Ed Harris Net Worth
|Net Worth:||$25 Million|
|Date of Birth:||Nov 28, 1950 (71 years old)|
|Place of Birth:||Englewood|
|Height:||5 ft 8 in (1.75 m)|
|Profession:||Actor, Screenwriter, Film director, Film Producer, Voice Actor|
|Nationality:||United States of America|
What is Ed Harris' Net Worth and Salary?
Ed Harris is an American actor, director, and screenwriter who has a net worth of $25 million. Harris has more than 100 acting credits to his name, including the films "The Abyss" (1989), "Apollo 13" (1995), "The Rock" (1996), and "The Truman Show" (1998). A four-time Oscar nominee, Ed made his film debut in the 1978 film "Coma." Harris wrote, directed, produced, and starred in the 2008 Western "Appaloosa," and he also directed 2000's "Pollock."
He is well-known in theatre, having appeared in plays such as "Buried Child" (2016–2017) and "To Kill a Mockingbird" (2019–2020), and he earned a Tony nomination for his performance in a 1986 production of "Precious Sons." In 2016, Ed began starring as the Man in Black on the HBO series "Westworld," which has earned him $250,000 per episode as well as a Primetime Emmy nomination.

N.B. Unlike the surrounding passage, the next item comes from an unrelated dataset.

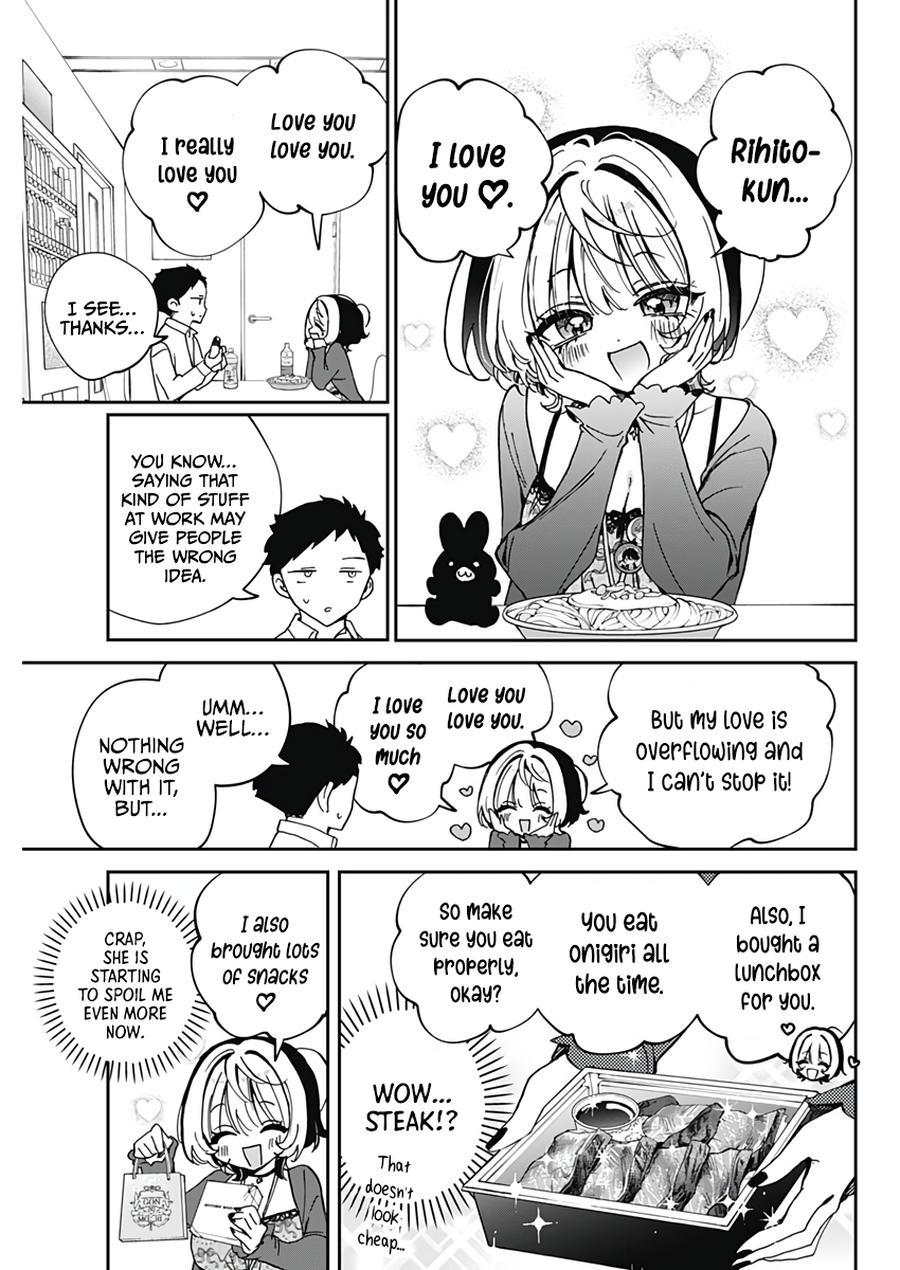 Noa-senpai wa Tomodachi. Chap 68 - Next Chap 69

Ed Harris was born Edward Allen Harris on November 28, 1950, in Englewood, New Jersey. His mother, Margaret, was a travel agent, and his father, Robert, was a member of the Fred Waring chorus and worked at the Art Institute of Chicago's bookstore. Ed grew up in a Presbyterian household in Tenafly, New Jersey, with brothers Robert and Paul, and he attended Tenafly High School. Harris played football in high school and was the team's captain during his senior year. After graduating in 1969, he enrolled at Columbia University, where he became interested in acting, but two years later, Ed's family moved away, and he decided to go with them. He attended the University of Oklahoma and began starring in local theatrical productions, then moved to Los Angeles in 1973. Harris studied at the California Institute of the Arts, earning a Bachelor of Fine Arts degree in 1975.

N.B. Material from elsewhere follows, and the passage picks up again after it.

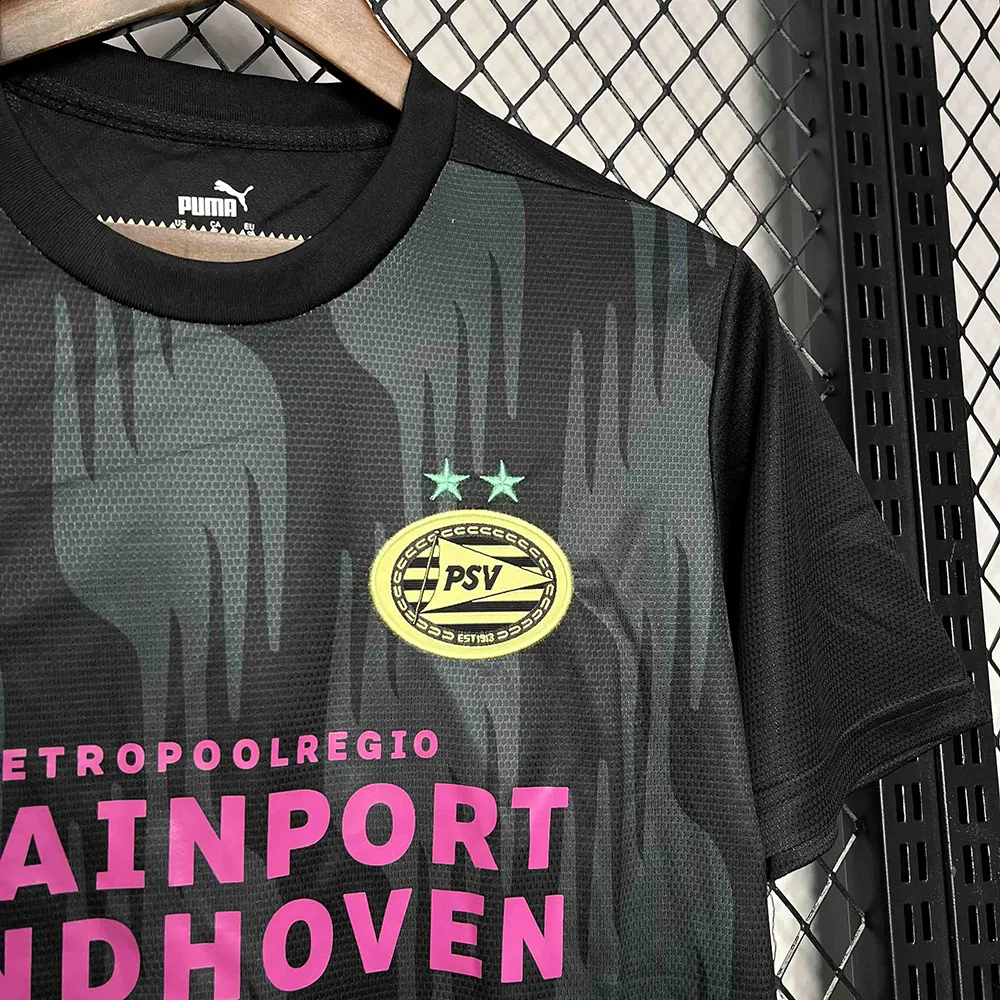 Maillot PSV Eindhoven Entrainement 2024-2025 (1) PSV Eindhoven Training Jersey 2024/2025 - Image 3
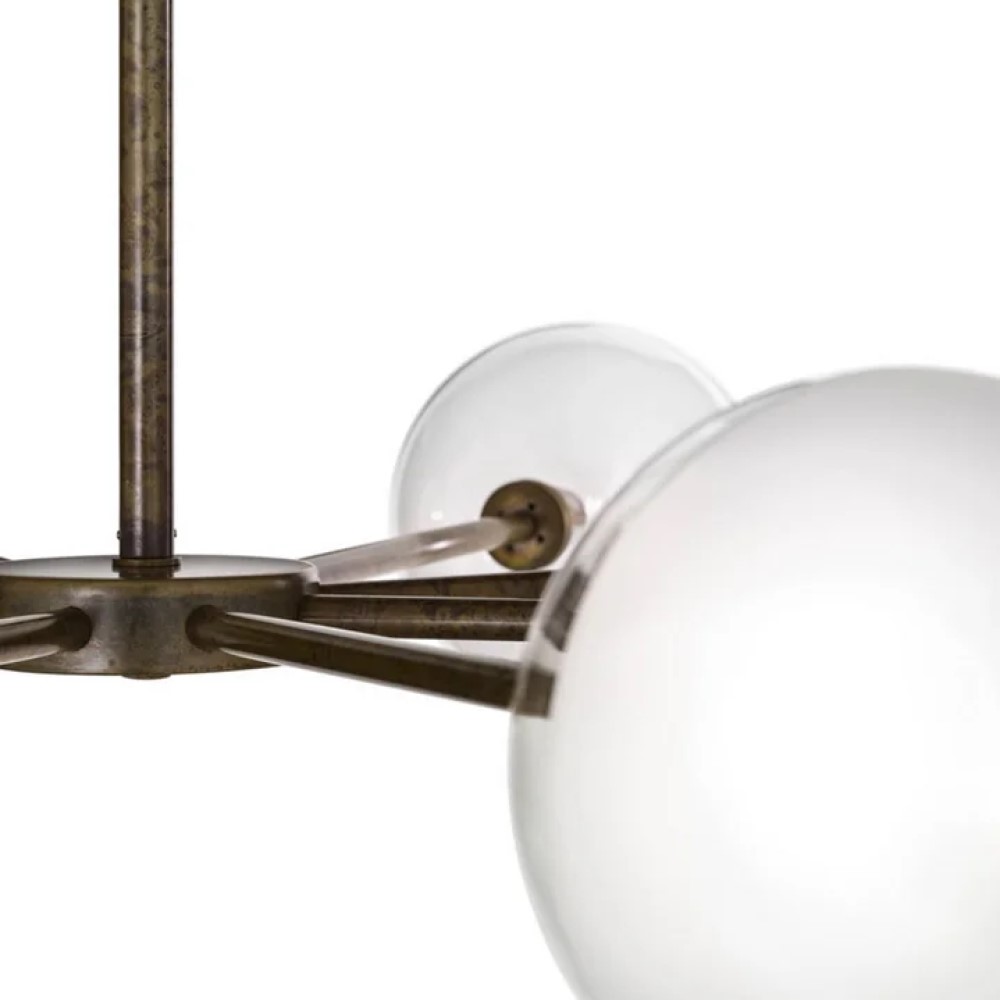 Molecola 275.08. Suspension Lamp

In 1976, Ed appeared in Pasadena Repertory Theatre productions of Thomas Rickman's "Baalam" and Tennessee Williams's "Kingdom of Earth" and made his television debut on an episode of the NBC series "Gibbsville." He then had guest-starring roles on "Delvecchio" (1977), "The Rockford Files" (1978), "David Cassidy: Man Undercover" (1978), and "Barnaby Jones" (1979) and appeared in the 1978 film "Coma" and the TV movies "The Amazing Howard Hughes" (1978) and "The Seekers" (1979). Harris appeared in 15 films in the 1980s, including "The Right Stuff" (1983), "Places in the Heart" (1984), "To Kill a Priest" (1988), and the James Cameron-directed science-fiction film "The Abyss," which grossed $90 million at the box office. In 1982, Ed appeared in Stephen King's "Creepshow," and he would take on the Master of Horror's work again in the 1993 film "Needful Things" and the 1994 miniseries "The Stand." In the '80s, he also guest-starred on "CHiPs" (1981) and "Hart to Hart" (1981), appeared in the television films "The Aliens Are Coming" (1980) and "The Last Innocent Man" (1987), and received a Golden Globe nomination for the film "Jacknife."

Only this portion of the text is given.